- **AIM OF THE TASK**
The answer is to be an exact copy of the lines below running from the line with "The Surefire G2X" down to the line with "Please like, share", both ends included, and nothing more.

------ TASK INPUT ------

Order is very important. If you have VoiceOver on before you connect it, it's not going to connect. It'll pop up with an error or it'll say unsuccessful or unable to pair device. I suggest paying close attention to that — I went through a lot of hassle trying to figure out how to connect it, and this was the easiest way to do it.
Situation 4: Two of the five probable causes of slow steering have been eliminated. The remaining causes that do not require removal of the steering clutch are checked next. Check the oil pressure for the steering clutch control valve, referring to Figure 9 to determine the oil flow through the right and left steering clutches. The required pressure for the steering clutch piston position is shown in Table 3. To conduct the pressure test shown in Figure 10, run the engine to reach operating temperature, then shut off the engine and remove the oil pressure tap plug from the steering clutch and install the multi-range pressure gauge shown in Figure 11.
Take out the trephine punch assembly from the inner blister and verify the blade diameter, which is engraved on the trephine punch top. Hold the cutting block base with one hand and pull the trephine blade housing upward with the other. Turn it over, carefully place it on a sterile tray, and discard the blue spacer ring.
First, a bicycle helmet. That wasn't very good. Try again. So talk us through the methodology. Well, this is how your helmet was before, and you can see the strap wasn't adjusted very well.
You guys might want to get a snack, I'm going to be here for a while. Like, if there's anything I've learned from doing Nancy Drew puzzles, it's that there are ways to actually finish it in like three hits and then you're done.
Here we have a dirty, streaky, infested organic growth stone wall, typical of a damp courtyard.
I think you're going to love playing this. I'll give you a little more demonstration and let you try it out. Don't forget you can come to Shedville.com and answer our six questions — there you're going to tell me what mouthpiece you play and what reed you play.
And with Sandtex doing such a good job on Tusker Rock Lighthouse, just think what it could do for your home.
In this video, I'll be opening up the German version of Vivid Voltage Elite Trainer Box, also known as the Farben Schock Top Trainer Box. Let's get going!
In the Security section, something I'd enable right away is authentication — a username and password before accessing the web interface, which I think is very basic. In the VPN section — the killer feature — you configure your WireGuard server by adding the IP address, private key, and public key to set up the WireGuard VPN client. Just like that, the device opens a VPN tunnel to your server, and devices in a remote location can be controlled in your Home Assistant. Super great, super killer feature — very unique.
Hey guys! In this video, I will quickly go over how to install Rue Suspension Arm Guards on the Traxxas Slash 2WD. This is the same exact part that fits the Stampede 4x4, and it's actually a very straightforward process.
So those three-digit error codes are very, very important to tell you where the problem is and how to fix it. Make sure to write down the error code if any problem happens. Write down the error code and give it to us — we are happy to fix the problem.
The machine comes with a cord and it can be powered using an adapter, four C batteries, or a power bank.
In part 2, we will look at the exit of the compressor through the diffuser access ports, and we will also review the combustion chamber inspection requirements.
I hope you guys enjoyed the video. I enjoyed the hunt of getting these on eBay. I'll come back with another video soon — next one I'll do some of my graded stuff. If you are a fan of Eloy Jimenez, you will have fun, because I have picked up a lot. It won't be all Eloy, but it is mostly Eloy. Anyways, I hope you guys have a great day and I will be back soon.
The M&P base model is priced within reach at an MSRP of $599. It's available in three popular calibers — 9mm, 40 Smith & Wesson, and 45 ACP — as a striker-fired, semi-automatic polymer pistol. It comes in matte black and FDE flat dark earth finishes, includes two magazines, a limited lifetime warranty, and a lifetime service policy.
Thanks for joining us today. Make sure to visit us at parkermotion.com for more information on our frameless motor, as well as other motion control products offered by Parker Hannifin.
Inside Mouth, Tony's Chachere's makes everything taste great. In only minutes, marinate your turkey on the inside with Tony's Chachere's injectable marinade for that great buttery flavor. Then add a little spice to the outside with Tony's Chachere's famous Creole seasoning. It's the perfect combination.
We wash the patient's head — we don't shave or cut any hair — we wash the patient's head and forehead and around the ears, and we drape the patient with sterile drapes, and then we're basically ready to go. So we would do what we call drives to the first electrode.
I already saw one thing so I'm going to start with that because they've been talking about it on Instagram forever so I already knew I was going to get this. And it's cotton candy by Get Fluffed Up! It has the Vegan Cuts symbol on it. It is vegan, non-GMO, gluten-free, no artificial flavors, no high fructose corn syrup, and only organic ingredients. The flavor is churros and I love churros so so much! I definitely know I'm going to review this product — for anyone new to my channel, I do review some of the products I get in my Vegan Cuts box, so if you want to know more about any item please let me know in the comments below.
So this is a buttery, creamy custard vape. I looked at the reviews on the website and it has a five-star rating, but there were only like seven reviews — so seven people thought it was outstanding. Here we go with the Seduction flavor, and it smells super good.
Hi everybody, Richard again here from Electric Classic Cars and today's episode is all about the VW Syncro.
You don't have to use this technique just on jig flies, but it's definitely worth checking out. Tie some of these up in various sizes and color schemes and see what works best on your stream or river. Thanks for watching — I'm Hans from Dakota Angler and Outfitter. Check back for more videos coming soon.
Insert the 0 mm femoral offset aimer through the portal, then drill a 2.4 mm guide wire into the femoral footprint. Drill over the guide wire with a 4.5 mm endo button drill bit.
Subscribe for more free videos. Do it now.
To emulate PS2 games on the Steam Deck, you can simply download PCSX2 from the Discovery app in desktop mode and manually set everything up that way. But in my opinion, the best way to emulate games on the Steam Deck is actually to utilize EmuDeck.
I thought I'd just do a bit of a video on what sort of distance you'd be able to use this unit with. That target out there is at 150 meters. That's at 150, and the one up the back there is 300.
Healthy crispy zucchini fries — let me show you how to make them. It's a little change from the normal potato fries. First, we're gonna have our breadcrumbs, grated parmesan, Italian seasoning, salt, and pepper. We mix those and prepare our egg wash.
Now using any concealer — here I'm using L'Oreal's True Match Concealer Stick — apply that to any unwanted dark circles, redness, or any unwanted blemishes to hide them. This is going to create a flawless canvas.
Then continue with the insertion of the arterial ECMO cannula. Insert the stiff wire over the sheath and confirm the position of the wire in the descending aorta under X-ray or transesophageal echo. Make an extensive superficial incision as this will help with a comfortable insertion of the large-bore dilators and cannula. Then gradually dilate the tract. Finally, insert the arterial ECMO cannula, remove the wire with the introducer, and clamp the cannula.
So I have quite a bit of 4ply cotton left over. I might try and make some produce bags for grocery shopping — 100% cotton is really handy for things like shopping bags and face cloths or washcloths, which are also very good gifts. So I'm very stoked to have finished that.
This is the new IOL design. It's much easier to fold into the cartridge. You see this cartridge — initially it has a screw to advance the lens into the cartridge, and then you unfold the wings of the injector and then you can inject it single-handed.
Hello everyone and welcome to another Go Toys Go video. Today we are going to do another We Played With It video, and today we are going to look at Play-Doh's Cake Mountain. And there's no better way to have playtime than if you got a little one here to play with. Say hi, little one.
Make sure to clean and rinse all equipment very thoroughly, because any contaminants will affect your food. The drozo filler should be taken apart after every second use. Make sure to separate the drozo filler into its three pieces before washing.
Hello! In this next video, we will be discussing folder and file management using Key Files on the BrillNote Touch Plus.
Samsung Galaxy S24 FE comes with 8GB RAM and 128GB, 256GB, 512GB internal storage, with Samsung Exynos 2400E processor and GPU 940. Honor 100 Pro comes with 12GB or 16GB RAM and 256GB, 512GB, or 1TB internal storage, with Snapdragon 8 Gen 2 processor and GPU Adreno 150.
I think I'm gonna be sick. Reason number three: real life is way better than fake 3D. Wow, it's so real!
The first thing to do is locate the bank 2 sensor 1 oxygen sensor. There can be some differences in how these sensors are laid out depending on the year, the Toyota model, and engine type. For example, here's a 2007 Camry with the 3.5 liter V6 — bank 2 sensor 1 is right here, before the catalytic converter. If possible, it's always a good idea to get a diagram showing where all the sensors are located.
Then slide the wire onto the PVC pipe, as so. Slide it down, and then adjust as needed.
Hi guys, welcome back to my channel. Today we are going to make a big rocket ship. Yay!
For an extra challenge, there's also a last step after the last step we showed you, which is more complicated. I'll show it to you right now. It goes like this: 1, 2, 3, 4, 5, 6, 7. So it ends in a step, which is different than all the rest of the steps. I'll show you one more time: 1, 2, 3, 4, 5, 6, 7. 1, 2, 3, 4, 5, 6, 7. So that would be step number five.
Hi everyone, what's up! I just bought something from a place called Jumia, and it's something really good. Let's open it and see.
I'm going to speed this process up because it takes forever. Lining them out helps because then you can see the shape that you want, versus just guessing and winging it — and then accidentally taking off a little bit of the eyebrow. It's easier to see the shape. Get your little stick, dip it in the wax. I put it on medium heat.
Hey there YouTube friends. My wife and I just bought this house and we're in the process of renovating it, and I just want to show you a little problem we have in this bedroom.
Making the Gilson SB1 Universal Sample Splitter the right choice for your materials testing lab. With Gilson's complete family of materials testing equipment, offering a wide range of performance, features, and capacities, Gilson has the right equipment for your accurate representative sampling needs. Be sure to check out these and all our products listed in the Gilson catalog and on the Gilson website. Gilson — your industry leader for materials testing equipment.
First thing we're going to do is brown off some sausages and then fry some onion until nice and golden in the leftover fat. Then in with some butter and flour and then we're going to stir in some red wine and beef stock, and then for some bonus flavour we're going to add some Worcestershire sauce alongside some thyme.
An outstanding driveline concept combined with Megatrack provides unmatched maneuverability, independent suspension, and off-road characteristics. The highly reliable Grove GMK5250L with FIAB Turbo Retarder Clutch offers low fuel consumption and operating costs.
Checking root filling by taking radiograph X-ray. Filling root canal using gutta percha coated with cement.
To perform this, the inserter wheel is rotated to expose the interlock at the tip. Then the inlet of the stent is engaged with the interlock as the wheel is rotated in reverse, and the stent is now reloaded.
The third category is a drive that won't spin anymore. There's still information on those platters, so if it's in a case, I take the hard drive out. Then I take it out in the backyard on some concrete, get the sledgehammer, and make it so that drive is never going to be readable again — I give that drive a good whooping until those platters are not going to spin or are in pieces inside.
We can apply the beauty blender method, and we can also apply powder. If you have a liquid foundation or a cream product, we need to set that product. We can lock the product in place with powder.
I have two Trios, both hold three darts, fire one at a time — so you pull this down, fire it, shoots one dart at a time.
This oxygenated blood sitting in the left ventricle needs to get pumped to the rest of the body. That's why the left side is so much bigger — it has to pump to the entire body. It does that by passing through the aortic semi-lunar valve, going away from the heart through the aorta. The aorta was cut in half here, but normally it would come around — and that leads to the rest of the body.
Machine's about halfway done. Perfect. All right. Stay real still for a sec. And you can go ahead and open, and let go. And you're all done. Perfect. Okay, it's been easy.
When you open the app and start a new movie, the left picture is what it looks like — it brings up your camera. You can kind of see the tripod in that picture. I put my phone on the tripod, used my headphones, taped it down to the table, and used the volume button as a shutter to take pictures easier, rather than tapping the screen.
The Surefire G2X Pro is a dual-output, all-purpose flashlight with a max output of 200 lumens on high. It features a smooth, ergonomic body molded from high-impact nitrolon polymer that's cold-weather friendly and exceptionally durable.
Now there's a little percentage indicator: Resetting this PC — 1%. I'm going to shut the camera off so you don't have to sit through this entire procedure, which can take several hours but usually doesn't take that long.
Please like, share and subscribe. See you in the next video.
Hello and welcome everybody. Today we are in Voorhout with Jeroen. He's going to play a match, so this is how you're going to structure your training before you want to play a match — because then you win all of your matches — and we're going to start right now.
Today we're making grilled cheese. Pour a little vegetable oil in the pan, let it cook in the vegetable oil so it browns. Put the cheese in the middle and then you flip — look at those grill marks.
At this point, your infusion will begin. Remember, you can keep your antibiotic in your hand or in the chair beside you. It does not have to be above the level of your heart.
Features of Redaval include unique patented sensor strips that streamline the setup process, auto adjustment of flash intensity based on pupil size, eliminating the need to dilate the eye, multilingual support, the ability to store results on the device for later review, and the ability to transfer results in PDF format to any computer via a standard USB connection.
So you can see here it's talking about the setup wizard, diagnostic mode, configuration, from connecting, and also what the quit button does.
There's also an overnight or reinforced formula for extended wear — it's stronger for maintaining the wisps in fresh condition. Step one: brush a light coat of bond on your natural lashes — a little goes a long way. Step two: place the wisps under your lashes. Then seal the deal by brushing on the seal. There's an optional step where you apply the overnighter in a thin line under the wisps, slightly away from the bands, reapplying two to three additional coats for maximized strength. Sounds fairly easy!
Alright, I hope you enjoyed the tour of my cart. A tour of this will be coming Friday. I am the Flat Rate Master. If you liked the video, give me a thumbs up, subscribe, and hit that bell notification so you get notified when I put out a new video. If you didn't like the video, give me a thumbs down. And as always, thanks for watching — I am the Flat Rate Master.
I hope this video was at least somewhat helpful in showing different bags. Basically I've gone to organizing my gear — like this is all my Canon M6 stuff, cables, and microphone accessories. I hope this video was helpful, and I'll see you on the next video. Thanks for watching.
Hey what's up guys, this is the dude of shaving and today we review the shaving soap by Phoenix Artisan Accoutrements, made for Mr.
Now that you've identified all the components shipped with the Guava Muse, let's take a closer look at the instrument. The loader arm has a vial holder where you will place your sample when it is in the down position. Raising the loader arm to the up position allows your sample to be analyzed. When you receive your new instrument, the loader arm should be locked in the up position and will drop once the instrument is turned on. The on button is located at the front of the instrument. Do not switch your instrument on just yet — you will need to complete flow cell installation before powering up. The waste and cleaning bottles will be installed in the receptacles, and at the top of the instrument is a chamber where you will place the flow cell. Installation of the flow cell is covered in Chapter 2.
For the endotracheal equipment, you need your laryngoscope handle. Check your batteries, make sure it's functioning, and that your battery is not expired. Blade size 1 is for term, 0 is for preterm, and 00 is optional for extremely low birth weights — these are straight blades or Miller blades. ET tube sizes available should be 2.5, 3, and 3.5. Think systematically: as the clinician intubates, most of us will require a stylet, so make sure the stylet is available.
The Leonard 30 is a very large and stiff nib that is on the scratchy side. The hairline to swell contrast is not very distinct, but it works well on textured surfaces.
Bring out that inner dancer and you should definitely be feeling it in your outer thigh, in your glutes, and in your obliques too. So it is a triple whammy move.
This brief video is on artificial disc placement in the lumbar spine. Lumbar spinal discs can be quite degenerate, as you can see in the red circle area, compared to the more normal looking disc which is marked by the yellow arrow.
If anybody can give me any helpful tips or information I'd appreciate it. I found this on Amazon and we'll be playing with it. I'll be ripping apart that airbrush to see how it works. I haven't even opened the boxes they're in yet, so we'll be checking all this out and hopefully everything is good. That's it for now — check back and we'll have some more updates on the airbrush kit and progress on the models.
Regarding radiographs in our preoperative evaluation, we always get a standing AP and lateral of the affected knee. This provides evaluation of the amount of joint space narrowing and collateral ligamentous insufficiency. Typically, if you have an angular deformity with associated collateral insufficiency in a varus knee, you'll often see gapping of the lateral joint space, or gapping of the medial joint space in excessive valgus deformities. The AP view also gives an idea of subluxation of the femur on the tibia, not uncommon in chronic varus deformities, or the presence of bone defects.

------

- **YOUR SOLUTION**
The Surefire G2X Pro is a dual-output, all-purpose flashlight with a max output of 200 lumens on high. It features a smooth, ergonomic body molded from high-impact nitrolon polymer that's cold-weather friendly and exceptionally durable.
Now there's a little percentage indicator: Resetting this PC — 1%. I'm going to shut the camera off so you don't have to sit through this entire procedure, which can take several hours but usually doesn't take that long.
Please like, share and subscribe. See you in the next video.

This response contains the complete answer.